Drilling Case Studies

Well Design

Tullich Oilfield, North Sea

The development of the Tullich field in the North Sea presented an Earth-stress challenge for the production of oil from the Late Paleocene, deepwater, Balder B2 Sands. PSI’s stress from seismic interpretation method determined significant variations in SHD across the field and these variations were used in horizontal wellbore design.


Geomechanics comprises the physics of the rocks and the stresses acting on them. PSI specialises in the pre-drill prediction of stresses for petroleum exploration, drilling and production.


SH Direction (SHD) and Magntiude (SHM) can be critical for planning inclined and horizontal wells. Even if these parameters are known at some points in a discovery well, field development is greatly enhanced, particularly in weak rocks, if SHD and SHM can be determined from ubiquitous seismic in 3D during the planning stage.


Drilling Hazards

Oliver-2, Northwest Shelf, Australia

There are lower stresses and geological hazard avoidance options which PSI’s 4DGeoStress variable wellbore directions and inclinations offer for pre-drill planning. This is illustrated at the Oliver oil and gas field, Northwest Shelf, Australia.


Oliver-1ST1 is in part fractured by Late Triassic and Early Tertiary normal and thrust faults adjacent and subsidiary to the main bounding Miocene to Recent normal fault. Above and within the 170m Mid Jurassic oil and gas column, repeated faulting has caused areas of major disruption within the limey shale overburden section and this presented drilling challenges.


There is limited public information on Oliver-2. It was a vertical well spudded on 23 October 2009. On 19 November logging was completed at 3233m and preparation was underway to run the 7” liner prior to commencing a testing program. On 4 December the well was plugged and suspended after a second attempt to run the liner below 2100m. Hole problems were predicted on PSI’s pressure depth graph from 2700-2900m.

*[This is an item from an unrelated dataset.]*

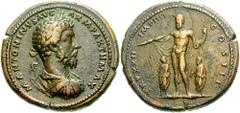 MARCUS AURELIUS. 161-180 AD. Æ Medallion (40mm, 51.78 gm). Struck 168 AD. Estimate $7500 MARCUS AURELIUS. 161-180 AD. Æ Medallion (40mm, 51.78 gm). Struck 168 AD. M ANTONINVS AVG ARM PARTH MAX, laurea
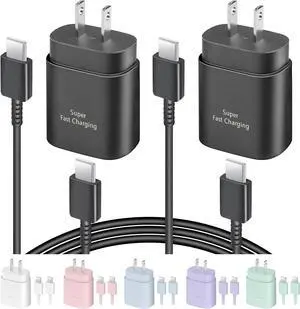 2 Pack USB C Charger 25W Type C Fast Charging with USB-C Charger Cable 6FT Android Phone Charge for Galaxy S24 Ultra/S23+/S22/S21/S20/Phone 16 15 Pro Max 16 15 Plus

If the well had been drilled at an inclination to the fault, wellbore instability would have been reduced and PSI’s new 4DGeoStress software shows the stress levels would have been lower. A multilateral off the inclined well could provide a lower cost appraisal to intersect the OWC and the northwest limb of the field.





Pore Pressure, North Sea

The Valhall oilfield in the Norwegian North Sea near the Norway/Denmark boarder hosts an overpressured chalk reservoir. The field has experienced five phases of high pore pressure (PP) (Recent, Mid Miocene, Mid Eocene, Late Campanian and Early Cretaceous) two of which exceeded the fracture gradient. This is effectively a Fluid Expansion Over-Pressure mechanism controlled mainly by horizontal pressure increase (SH) and then decrease.

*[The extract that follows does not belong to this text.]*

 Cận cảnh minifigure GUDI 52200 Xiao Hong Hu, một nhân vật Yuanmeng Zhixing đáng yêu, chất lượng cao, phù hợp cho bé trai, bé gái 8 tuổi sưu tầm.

One of the primary 4DGeoStress software attributes is the recognition of a series of vertically stacked anticlines or depositional thins formed during Compressional Pulses. If the section remains normally pressured, these thins will compact uniformly except over local obstructions. If fluid escape is blocked PP can rise and can tend to thicken a thinned unit over the anticlinal high during burial or a Compressional Pulse. The ratio of thickening to the undeformed part of the isochore is therefore a measure of the over-pressure. Further, if the unit has later burst in the form of a PP volcano as it did during the Mid Miocene and Late Campanian at Valhall, PP was greater than Sh/SV (the fracture gradient at that time) and is therefore representing that maximum PP reached. 4DGeoStress will identify the abnormally pressured horizons and plots a quantified PP curve alongside the SH, Sh and SV curves on a Pressure Depth Graph.



Post-Drill 2D Stress vs Pre-Drill 4D Stress

Snorre Oil Field, North Sea

There are two components to geomechanics: the physical properties of rocks and the stresses acting upon them. It is not possible to make reasonable judgements about geomechanical issues without first knowing the stress direction, magnitude and history affecting rocks in a basin.


“Anything short of the correct description of the earth stresses will render any sand production exercise flawed, irrespective of how well the rock properties are understood” (Geomechanics International, 2009).


PSI’s patented method of deriving stress from reflection seismic interpretation yields a complete 4D structural and stress history including present day stress direction and magnitude, pre-drill. All other stress estimation methods use point data measured from boreholes and extrapolate the stress between them, often inaccurately. These are post-drill, expensive, time consuming drilling risks which expose exploration companies to unnecessary, high severity drilling environments. PSI’s detailed pre-drill stresses deliver timely, accurate and reliable data when they are most required.


Pre-drill stress determination is ideal for field development and imperative for remote wildcat well design.